Durch den vorliegenden Gesetzesentwurf werden Präventions-, Reaktions- und Kompensationspflichten für in der Antarktis agierende Akteure etabliert. Es hat Signalwirkung, dass Deutschland sich diesen Pflichten stellt und es ist wichtig, dass weitere Staaten diesem Beispiel folgen. Denn die Einzigartigkeit des antarktischen Ökosystems und seine Rolle für die Regulation des Weltklimas und als Kinderstube für tausende von Polar- und Meeresorganismen sind herausragend. Durch die extremen Eigenschaften dieses Ökosystem, besteht jedoch auch eine besondere Fragilität. Deswegen begrüßen wir die Umsetzung des Antarktischen Haftungsannexes in dem von der Bundesregierung vorgelegten Gesetzesentwurf. Das dieser jedoch erst ein Jahrzehnt nach der Einigung von Stockholm vorgelegt wird, ist schlicht und einfach zu spät.

Mit 80 internationalen Forschungsstationen und bis zu 4000 stationierten Wissenschaftlern, zunehmendem Tourismus und Nutzungsinteressen im Südpolarmeer ist auch die Gefahr von umweltgefährdenden Notfällen in den letzten Jahren angestiegen und wird weiter steigen. Gerade Deutschland hat die Verantwortung, als eine der führenden Forschungsnationen im Bereich der Meeres- und Polarforschung mit positivem Beispiel voran zu gehen. Für die Bundesregierung gilt es nun, sich dieser Verantwortung bewusst zu sein und sich auf internationaler Ebene engagiert für die Ratifizierung weiterer Staaten einzusetzen, damit der Schutz der Antarktis weiter gestärkt wird.

Seit der Übereinkunft der Vertragsstaaten zum Antarktis-Vertrag 1959 und der Verabschiedung des Umweltschutzprotokolls in den 1990ern hat sich die Welt drastisch verändert. Die dramatischen Auswirkungen der Klimakrise sind der eigentliche umweltgefährdende Notfall in der Antarktis. Bisher galt die Antarktis als weitestgehend verschont von der Klimakrise und musste als Argumentationsstütze für Klimakrisenleugner von der AFD bis zum US-amerikanischen Präsidenten herhalten. Doch spätestens in diesem antarktischen Sommer ist Schluss damit. Die Eisbedeckung hat einen nie dagewesenen Negativrekord erreicht und die Temperaturen haben monatlich neue Hitzerekorde erreicht. Das bedroht nicht nur die an die antarktischen Lebensbedingungen angepassten und hochgradig spezialisierten Tiere, sondern durch das massive Abschmelzen der antarktischen Gletscher auch Millionen von Menschen weltweit; auf Inselstaaten, in Küstenregionen und durch vermehrt auftretende Extremwetterereignisse auch in Deutschland. Wer übernimmt die Haftung für diesen umweltgefährdenden Notfall in der Antarktis?   
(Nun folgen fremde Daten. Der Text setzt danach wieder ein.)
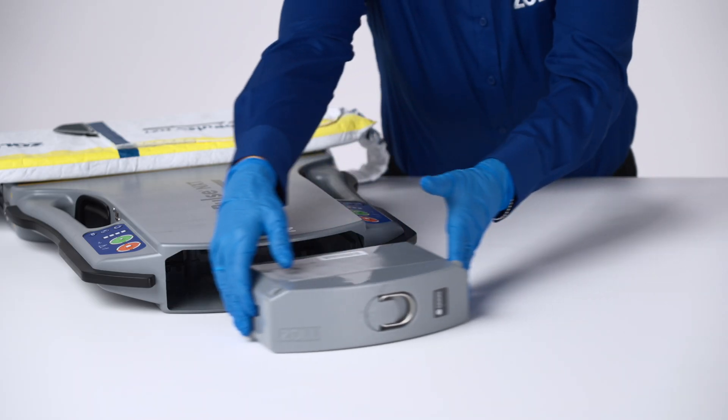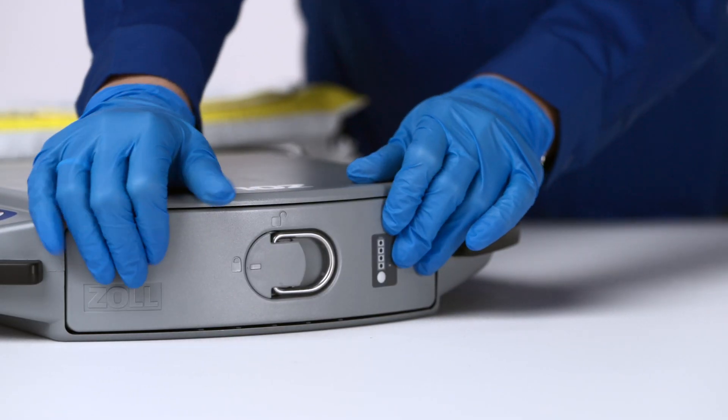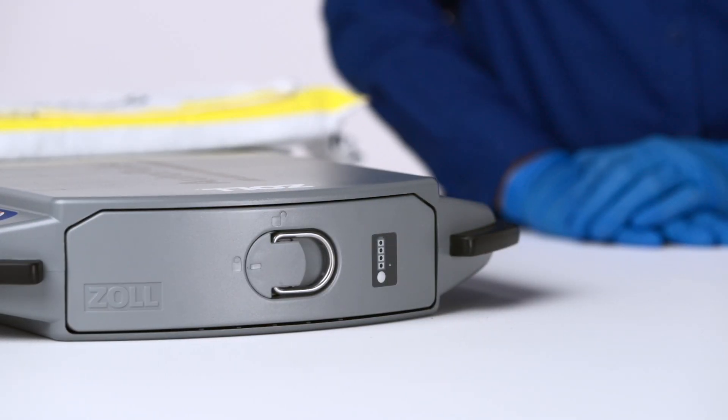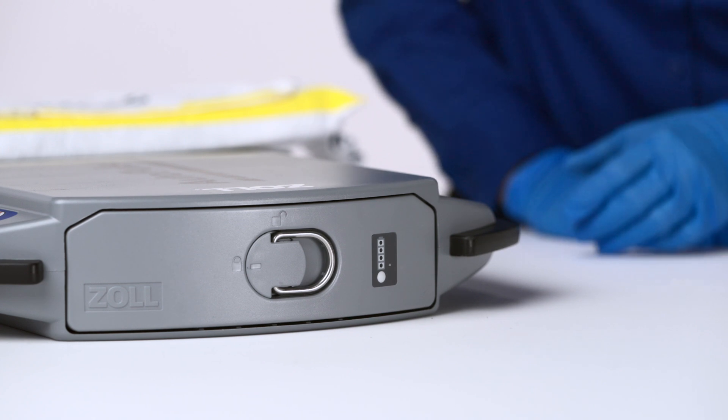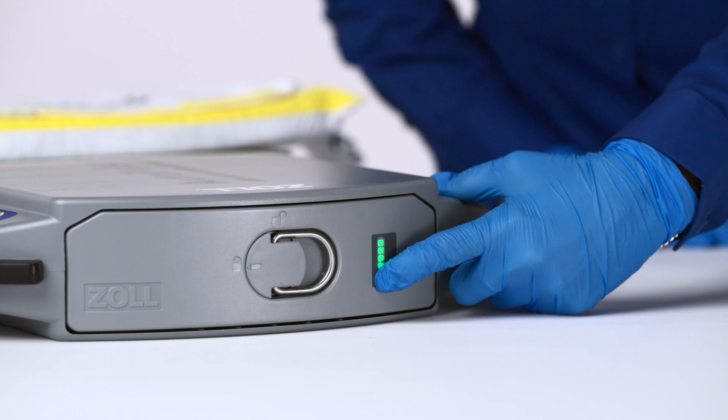Slide the battery into the compartment. It should snap into place, flush with the platform. To check the battery status in the AutoPulse NXT platform, press Status Check to view the battery charge level.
Zwar war der Anteil der Antarktis am ansteigenden Meeresspiegel bisher eher zu vernachlässigen, die letzten Erkenntnisse von deutschen Wissenschaftlern lassen jedoch einen klaren Trend erkennen. Das bisher als Korken fungierende Schelfeis schmilzt durch den Anstieg der Temperaturen dahin. Der Korken der antarktischen Gletscher wird langsam aber stetig gezogen. In der Antarktis befinden sich bis zu 80% des weltweiten Süßwasservorrats. Rein theoretisch würde ein gesamtes Abschmelzen der antarktischen Gletscher einen Meeresspiegelanstieg von 60 Metern zur Folge haben. Ganz real hat jedoch schon heute jeder Zentimeter Meeresspiegelanstieg weitrechende Konsequenzen weltweit.
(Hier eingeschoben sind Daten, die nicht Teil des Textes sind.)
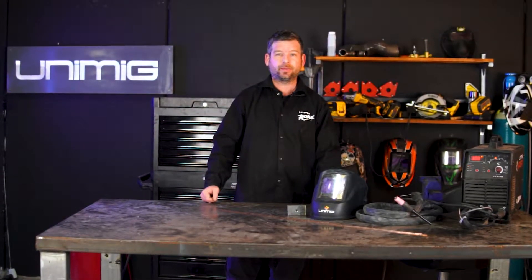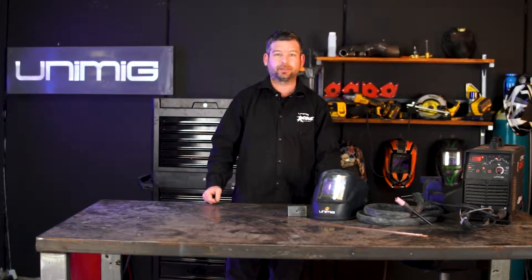G'day all, welcome back to 30 Second Thursday where we teach you a tip or trick about welding. Today we'll be looking at plugging unwanted holes that have been either drilled or cut, and we'll be using the TIG process. So enough talk and the timer starts now.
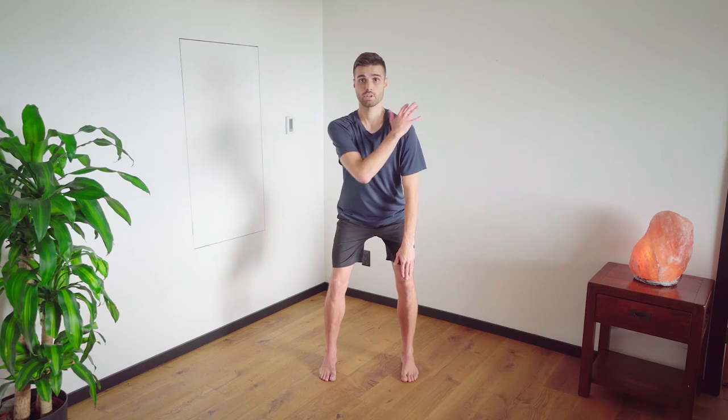Take your right hand, put it on your left shoulder. Take your left hand, you're going to put the palm on your right elbow and with your fingers, grab the back of your tricep and pull the skin towards the elbow and lock that in place.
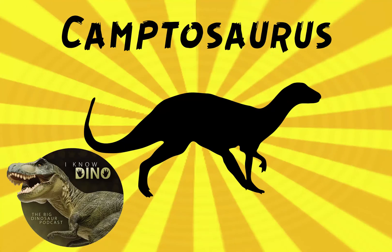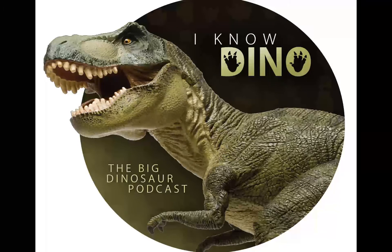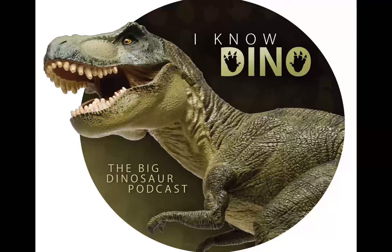Our dinosaur of the day is Camptosaurus. Camptosaurus lived during the late Jurassic about 156 to 145 million years ago in North America, and its name means bent or flexible lizard. It's thought to be an ancestor of later large herbivores like iguanodons and duckbills, and it looked a lot like an iguanodon.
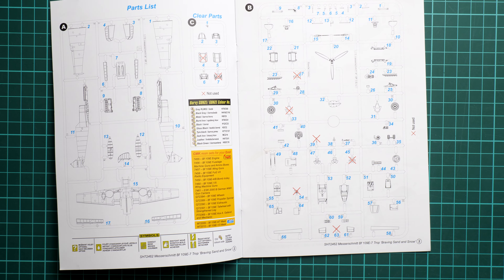All in all, this is quite an interesting release from Special Hobby, which should already be available on their official website. I'd be happy to hear your opinions about this release in the comments below. If you liked this video, press the like button and subscribe to our YouTube channel. Thank you for joining me today — see you in the next video review!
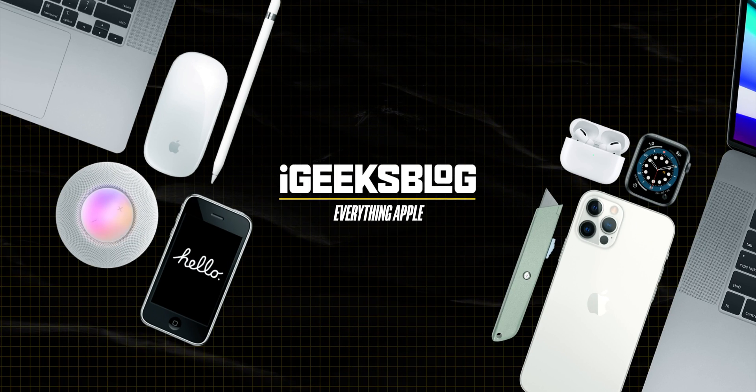Does this ever happen to you — Touch ID on your Mac is not working? Don't worry. I faced this issue so many times and I came across a couple of hacks I'd like to share in this video. Hello, I'm Nikhil from iGeeksBlog, and today I'll talk about how you can fix the Touch ID not working issue on your MacBook.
In der gestrigen Sitzung des Umweltausschusses hat die Parlamentarische Staatssekretärin Rita Schwarzelühr-Sutter verdeutlicht, dass sich die Bundesregierung der Lage in der Antarktis durchaus bewusst ist und auf den Klimavertrag von Paris verwiesen. Und selbstverständlich ist der Klimavertrag von Paris ein historischer Erfolg für den Klimaschutz, aber dann muss die Bundesregierung eben auch national für diesen entschieden eintreten und nicht schon im ersten Jahr diesen nach allen Regeln der Kunst verwässern.